Beatriz realiza ronda com o seu círculo de amizades. Durante a manhã, emenda o convívio com as suas melhores amigas. Nem sei mais com quem está falando. Nem percebi quando desligou uma chamada para começar outra. Talvez agora seja Fernanda, talvez seja Poly, talvez seja Marina, talvez seja tia Norma...
 
Haja fôlego para repetir detalhes e desdobrar ideias. Como se participasse de uma live de três horas ininterruptas. Não se cansa de aperfeiçoar as histórias. Na hora de dar tchau, lembra de mais um pormenor e renova a lábia. 
 
É um bailado pela casa. Dança pela sala, pelo quarto, pelo escritório, senta no sofá, estica as pernas na cama, escorre os braços pelo sol da janela, nunca deixando a peteca cair. Ouve com atenção plena, transformando o ouvido numa extensão direta do pensamento. 
 
Mineiro mantém a visão interiorana do telefone como patrimônio da família, para socorrer os parentes longe, e não mudou o costume com a facilidade da comunicação. Valoriza o telefone fixo por uma questão de prevenção, caso o celular não funcione. Não corre o risco de não ser localizado e ser o último a saber de alguma tragédia ou bonança. 
 
O aparelho permanece no centro da sala, numa mesinha, com uma toalhinha de crochê por baixo, como no século passado. Não duvido que algumas residências ainda conservem a lista telefônica, a antiga Bíblia dos sobrenomes da cidade. 
 
Apesar da comodidade do vídeo, ainda prefere seguir solitariamente com a voz, na liberdade do timbre.
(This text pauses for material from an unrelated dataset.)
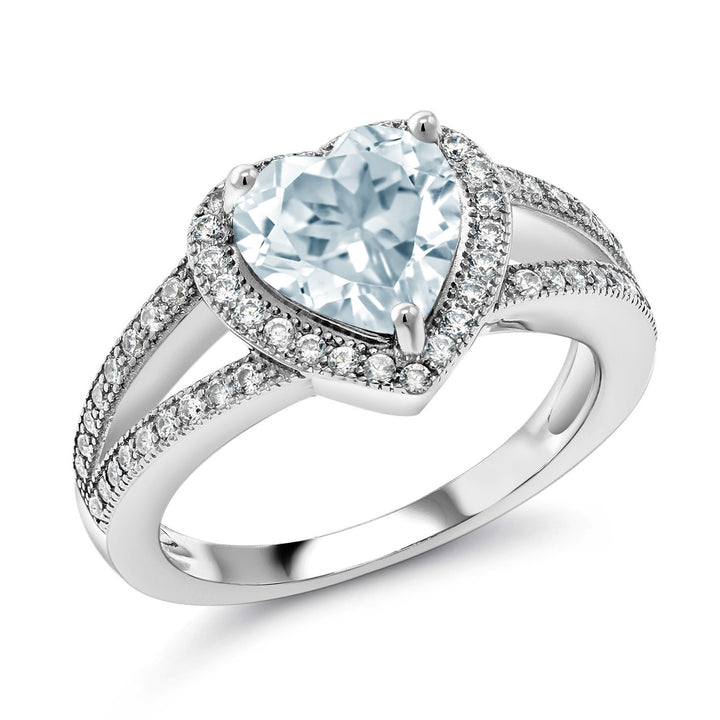 8MM Heart Gemstone Birthstone and White Moissanite Halo Ring For Women | 925 Sterling Silver | Jewelry for Anniversary Wedding Engagement Promise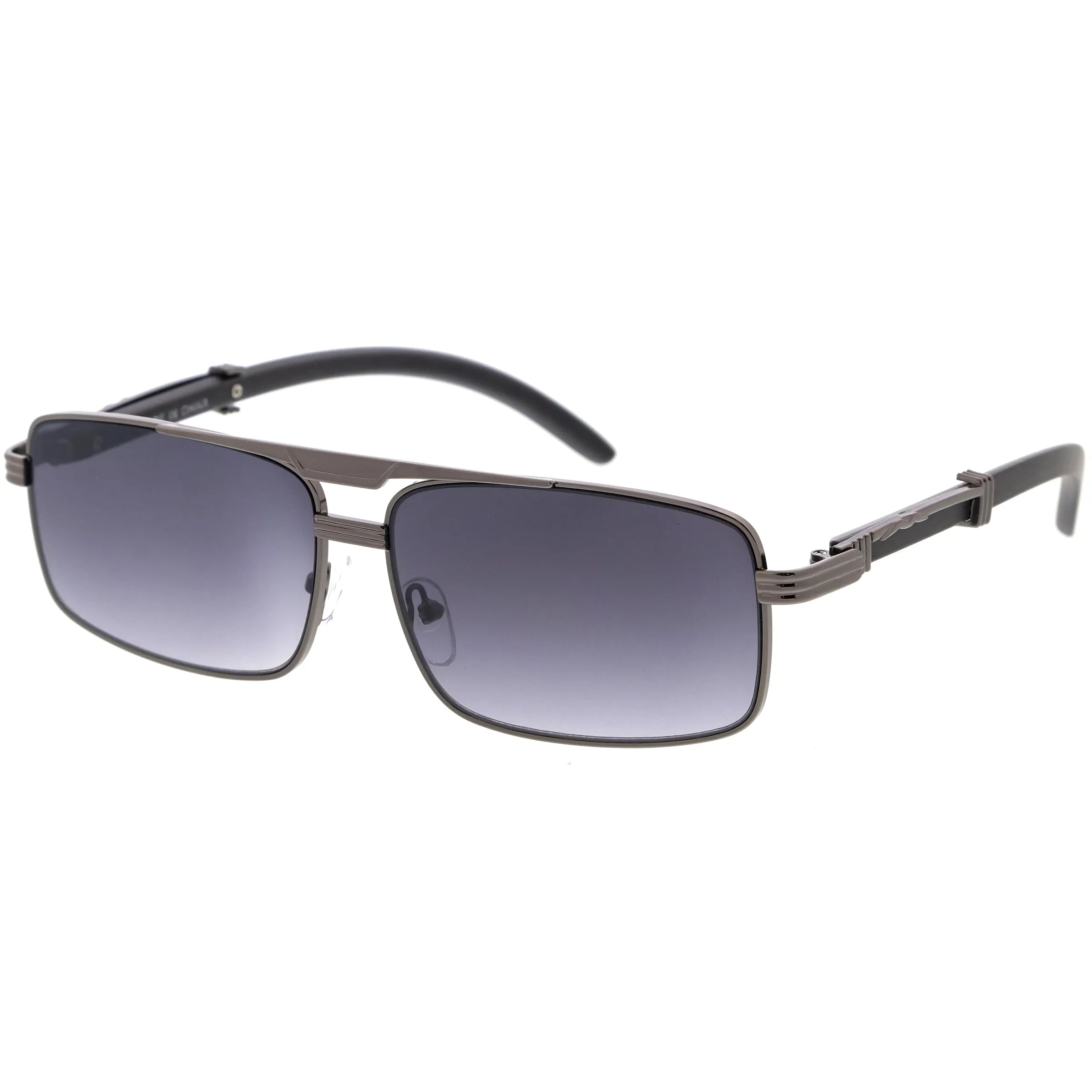 Classy Dapper Neutral Metal Crossbar Square Sunglasses D245 sold by ZeroUV product image thumbnail 2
Ele se encontra à vontade não sendo visto, não precisando cuidar da aparência, seguindo com as suas obrigações e tarefas mentais simultaneamente, não travando a disciplina doméstica, não parando a ordem de suas necessidades. 
 
A alma mineira tem um poder radiofônico de oratória, de locução de sua ternura, de narração de seus feitos. 
 
Quando olho para minha esposa, acho mesmo que ela anda com um radinho de pilha aquecendo as orelhas.